TASK DETAILS :: What you print should match the entries exactly, only without the pictures.

Records contained in a dataset:
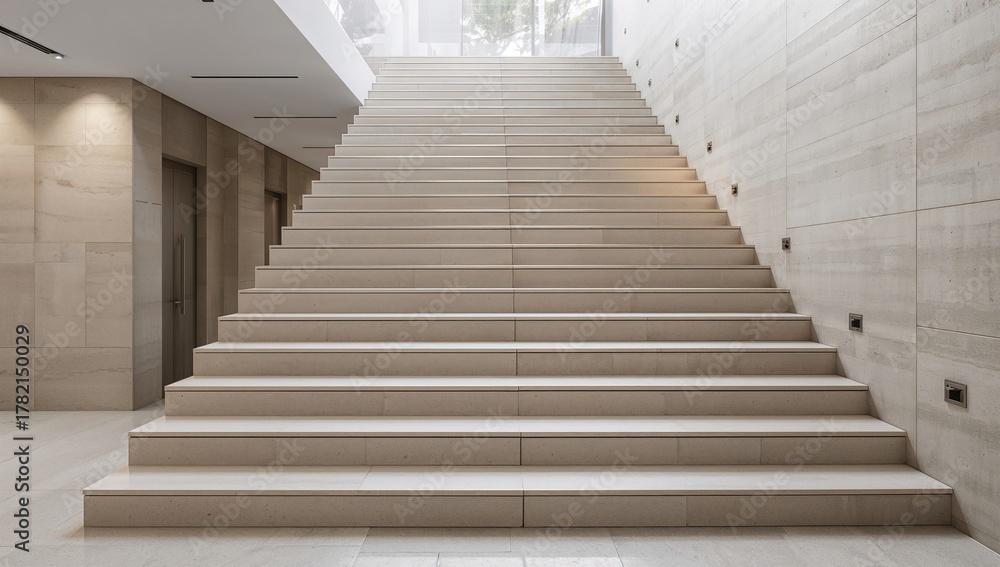 Fototapeta premium Wide staircase adorned with ceramic tiles illuminated by indoor light, enhancing modern architecture and interior design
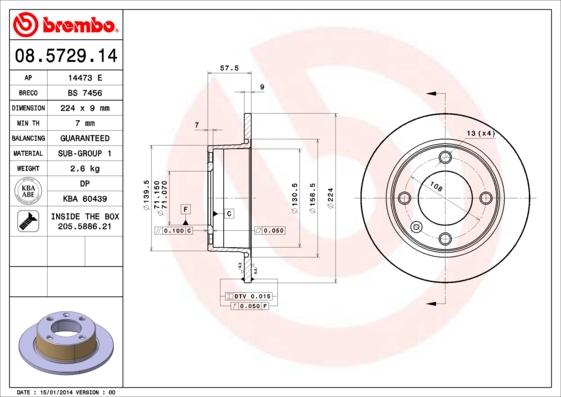 Brembo 08.5729.14 - Спирачен диск vvparts.bg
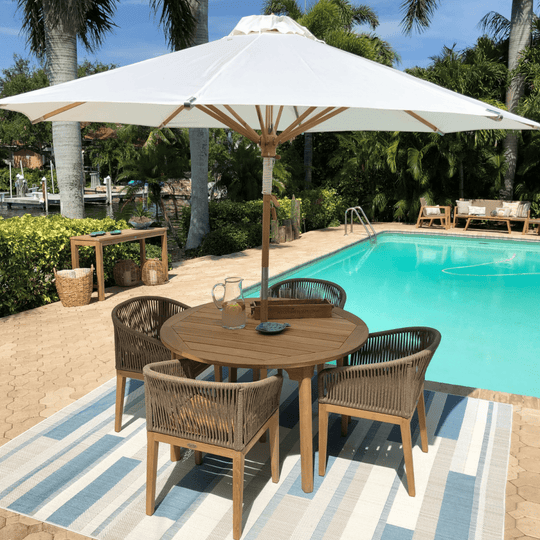 Round Teak Outdoor Dining Table (50" Diameter) - Admiral - Teak HQ™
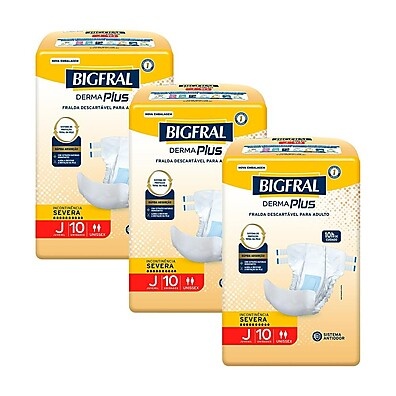 Bigfral Derma Plus: Kit 3 Fraldas para Incontinência
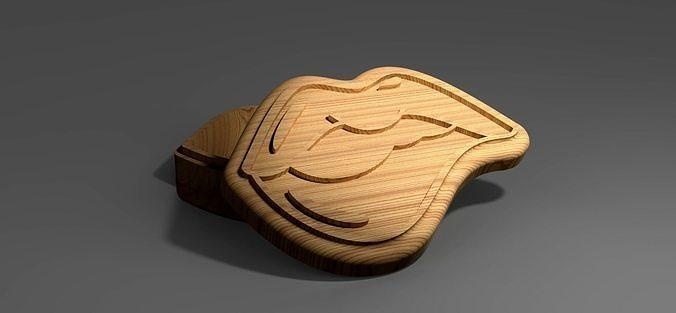 v carved labbra scatola eps svg cnc router contenitore Conservazione decorazione biscotto gioielleria legna vcarve lavorazione incisore Casa arredamento 3d print model - Mito3D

TASK OUTPUT ::
 Fototapeta premium Wide staircase adorned with ceramic tiles illuminated by indoor light, enhancing modern architecture and interior design
 Brembo 08.5729.14 - Спирачен диск vvparts.bg
 Round Teak Outdoor Dining Table (50" Diameter) - Admiral - Teak HQ™
 Bigfral Derma Plus: Kit 3 Fraldas para Incontinência
 v carved labbra scatola eps svg cnc router contenitore Conservazione decorazione biscotto gioielleria legna vcarve lavorazione incisore Casa arredamento 3d print model - Mito3D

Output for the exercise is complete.